● ABOUT THIS TASK: Only one stretch of the listing below is wanted. Begin at the line that has "Classic Open Basket", stop after the line that has "Chartres Cathedral Notre", and repeat every line in between exactly.

RECORDED DATA section start

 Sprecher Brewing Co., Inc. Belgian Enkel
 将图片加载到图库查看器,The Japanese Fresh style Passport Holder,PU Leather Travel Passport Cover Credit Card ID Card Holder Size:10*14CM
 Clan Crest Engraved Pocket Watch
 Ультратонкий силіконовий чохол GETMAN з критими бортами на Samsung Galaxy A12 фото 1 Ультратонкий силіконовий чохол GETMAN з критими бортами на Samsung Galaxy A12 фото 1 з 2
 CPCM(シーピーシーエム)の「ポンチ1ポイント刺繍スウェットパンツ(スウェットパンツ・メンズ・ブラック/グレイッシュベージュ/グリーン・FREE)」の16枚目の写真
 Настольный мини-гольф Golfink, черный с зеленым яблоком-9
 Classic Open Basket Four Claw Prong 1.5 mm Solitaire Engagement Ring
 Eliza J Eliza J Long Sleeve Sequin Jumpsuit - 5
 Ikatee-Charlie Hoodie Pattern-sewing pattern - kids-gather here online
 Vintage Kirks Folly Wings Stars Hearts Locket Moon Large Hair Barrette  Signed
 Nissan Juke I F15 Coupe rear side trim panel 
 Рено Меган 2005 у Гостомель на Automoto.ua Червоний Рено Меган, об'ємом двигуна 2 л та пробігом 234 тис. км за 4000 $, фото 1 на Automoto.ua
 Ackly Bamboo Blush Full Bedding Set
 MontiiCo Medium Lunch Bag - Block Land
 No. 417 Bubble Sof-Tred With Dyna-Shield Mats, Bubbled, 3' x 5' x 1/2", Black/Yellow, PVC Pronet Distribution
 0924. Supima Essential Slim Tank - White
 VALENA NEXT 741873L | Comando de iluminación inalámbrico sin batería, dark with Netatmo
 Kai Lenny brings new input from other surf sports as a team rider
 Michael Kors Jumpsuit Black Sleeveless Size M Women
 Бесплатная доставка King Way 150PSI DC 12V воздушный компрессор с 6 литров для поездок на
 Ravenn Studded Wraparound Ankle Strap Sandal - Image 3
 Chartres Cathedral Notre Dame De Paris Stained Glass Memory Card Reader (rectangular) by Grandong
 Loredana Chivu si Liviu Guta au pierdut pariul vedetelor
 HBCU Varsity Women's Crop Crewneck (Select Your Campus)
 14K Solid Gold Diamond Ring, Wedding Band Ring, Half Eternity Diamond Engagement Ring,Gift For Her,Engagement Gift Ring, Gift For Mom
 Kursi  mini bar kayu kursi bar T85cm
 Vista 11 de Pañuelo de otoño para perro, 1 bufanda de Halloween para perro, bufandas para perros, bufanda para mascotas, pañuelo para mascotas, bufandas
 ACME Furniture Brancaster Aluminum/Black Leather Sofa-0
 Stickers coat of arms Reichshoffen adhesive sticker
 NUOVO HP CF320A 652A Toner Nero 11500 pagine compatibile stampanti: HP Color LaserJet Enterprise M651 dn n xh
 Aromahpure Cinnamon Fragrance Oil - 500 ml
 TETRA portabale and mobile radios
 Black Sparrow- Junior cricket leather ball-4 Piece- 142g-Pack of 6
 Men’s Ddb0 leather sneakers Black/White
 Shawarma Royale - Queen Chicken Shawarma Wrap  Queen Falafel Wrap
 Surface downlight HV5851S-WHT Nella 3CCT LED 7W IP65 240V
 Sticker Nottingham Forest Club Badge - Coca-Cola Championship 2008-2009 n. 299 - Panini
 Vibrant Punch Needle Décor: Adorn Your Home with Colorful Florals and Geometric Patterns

RECORDED DATA section end

● ANSWER TO THE PROBLEM:
 Classic Open Basket Four Claw Prong 1.5 mm Solitaire Engagement Ring
 Eliza J Eliza J Long Sleeve Sequin Jumpsuit - 5
 Ikatee-Charlie Hoodie Pattern-sewing pattern - kids-gather here online
 Vintage Kirks Folly Wings Stars Hearts Locket Moon Large Hair Barrette  Signed
 Nissan Juke I F15 Coupe rear side trim panel 
 Рено Меган 2005 у Гостомель на Automoto.ua Червоний Рено Меган, об'ємом двигуна 2 л та пробігом 234 тис. км за 4000 $, фото 1 на Automoto.ua
 Ackly Bamboo Blush Full Bedding Set
 MontiiCo Medium Lunch Bag - Block Land
 No. 417 Bubble Sof-Tred With Dyna-Shield Mats, Bubbled, 3' x 5' x 1/2", Black/Yellow, PVC Pronet Distribution
 0924. Supima Essential Slim Tank - White
 VALENA NEXT 741873L | Comando de iluminación inalámbrico sin batería, dark with Netatmo
 Kai Lenny brings new input from other surf sports as a team rider
 Michael Kors Jumpsuit Black Sleeveless Size M Women
 Бесплатная доставка King Way 150PSI DC 12V воздушный компрессор с 6 литров для поездок на
 Ravenn Studded Wraparound Ankle Strap Sandal - Image 3
 Chartres Cathedral Notre Dame De Paris Stained Glass Memory Card Reader (rectangular) by Grandong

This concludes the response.